Problems aggregating data by variable in SAS

I have data that looks like this:
ID FileSource Age MamUlt ProcDate Name
223 Facility 35 M 19591 SWEDISH
223 Facility 35 M 19592 SWEDISH
223 Facility 35 U 19592 SWEDISH
223 Facility 35 U 19593 SWEDISH
223 Non-Facility 35 M 19594 RADIA
223 Non-Facility 35 U 19594 RADIA
What I am trying to do is to combine that data (for each ID in the data set) to look like this:
ID Age MAMs ULTs SameDate
223 35 3 3 2
So, for each ID, I need the total times "M" and "U" show up and how many times they show up on the same date; twice in this sample.

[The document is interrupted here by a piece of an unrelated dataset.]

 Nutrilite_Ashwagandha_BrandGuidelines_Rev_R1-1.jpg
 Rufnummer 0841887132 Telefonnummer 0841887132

Here is what I have so far:
data ImageTotals;
set ImageClaims;
by ID;
retain ID MAMs ULTs SameDate;
if first.ID then do;
MAMs = 0;
ULTs = 0;
MamDate = .;
UltDate = .;
SameDate = 0;
end;
if MamUlt = "M" then do; MAMs = MAMs + 1; MamDate = ProcDate; end;
if MamUlt = "U" then do; ULTs = ULTs + 1; UltDate = ProcDate; end;
if MamDate = UltDate and MamDate ^= . then do; SameDate = SameDate+1; end;
if last.ID;
keep ID MAMs ULTs SameDate;
run;
Any advice? This solves the count problems but not the SameDate problem (still coming up as zero for this instance).

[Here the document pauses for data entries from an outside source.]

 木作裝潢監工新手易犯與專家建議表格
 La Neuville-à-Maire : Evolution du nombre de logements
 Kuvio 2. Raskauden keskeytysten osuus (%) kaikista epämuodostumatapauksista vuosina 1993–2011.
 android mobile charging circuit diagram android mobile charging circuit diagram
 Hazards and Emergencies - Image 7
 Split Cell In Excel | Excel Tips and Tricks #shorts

You can use DOW loop to do the aggregation in a data step. Data must be sorted by ID and PROCDATE. Within the same date count how many times M or U appear. Then you can use those day counts to aggregate at the ID level and also test if both appeared on the same date. The AGE variable is simply kept so it will have the value from the last record for that ID.
data counts ;
do until (last.id);
m=0;
u=0;
do until (last.procdate);
set imageclaims;
by id procdate;
m= sum(m,proc='M');
u= sum(u,proc='U');
end;
MAMs=sum(mams,m);
ULTs=sum(ults,u);
SameDate=sum(samedate,m and u);
end;
keep id age mams ults samedate ;
run;
I think this is probably a SQL problem (not my specialty), but since you started on a DATA step solution I took a stab at both. I also added more test data.
data ImageClaims;
input id age Proc $1. ProcDate;
cards;
223 35 M 19591
223 35 M 19592
223 35 U 19592
223 35 U 19593
223 35 M 19594
223 35 U 19594
224 35 M 19591
224 35 M 19592
224 35 M 19593
224 35 M 19593
224 35 M 19594
224 35 U 19595
225 35 M 19592
225 35 U 19592
225 35 U 19593
225 35 M 19593
225 35 M 19594
225 35 U 19594
;
run;
For DATA step approach, create counters for MAMs, ULTs, and MAMULTs (Mam and Ult on same day). Note because I use sum statement for these counters (MAMs++1) they are implicitly retained.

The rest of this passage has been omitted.